Fustel de Coulanges comprit, longtemps d’avance, que le nœud des conflits futurs était là, et, courageusement, seul, prenant à bras le corps cette prétendue école scientifique, il lui fît mesurer le sol. Au milieu de quelles clameurs il accomplit cette tâche, il faut avoir vécu en ces temps pour le savoir ! En France même, la critique se souleva contre l’audacieux novateur ; il fut frappé si rudement et harcelé si perfidement, qu’à diverses reprises la patience lui manqua ; il dut interrompre son travail et se retourner sur le chantier pour faire tête à ses adversaires. L’œuvre en fut suspendue et, finalement, laissée incomplète. Les critiques du vaillant lutteur portent cette responsabilité. Le monument n’a pas son couronnement parce que le constructeur n’a pas été respecté dans la sérénité de son immense travail.
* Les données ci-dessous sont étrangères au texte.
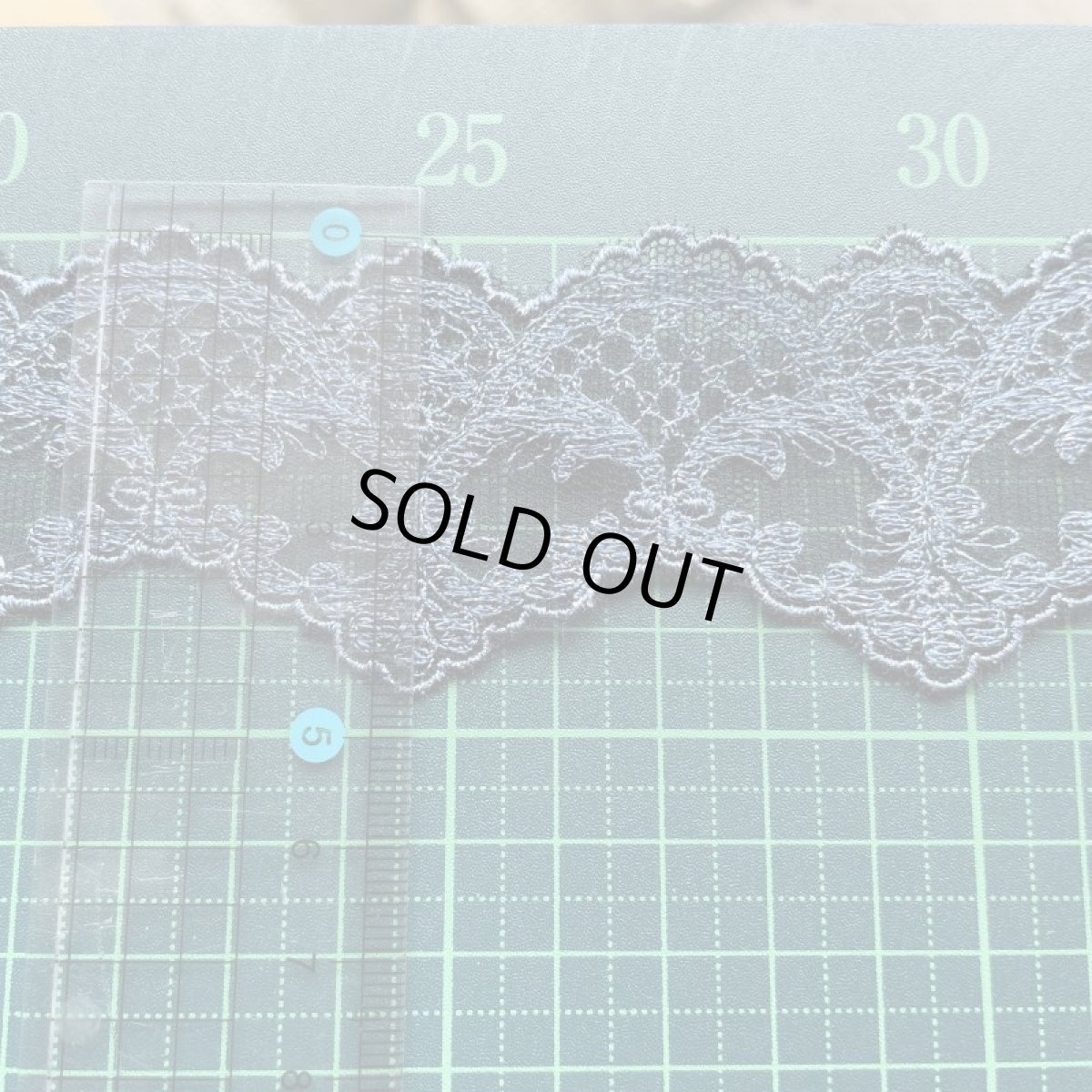 画像2: チュールレース　シルバー　幅4.5cm　8.1m　スカラの小花柄日本製 (2)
Cependant le grand véridique, l’homme de la science scrupuleuse a vaincu. Aujourd’hui, grâce à lui, l’histoire européenne est remise sur sa base. Les invasions germaniques sont ramenées à leurs réelles proportions : il s’agit d’un désordre se superposant à un autre désordre, d’une maladie sociale suite d’autres maladies sociales, d’une infortune s’accumulant sur d’autres infortunes ; le tout ayant fait peu de bien pour un mal durable et profond.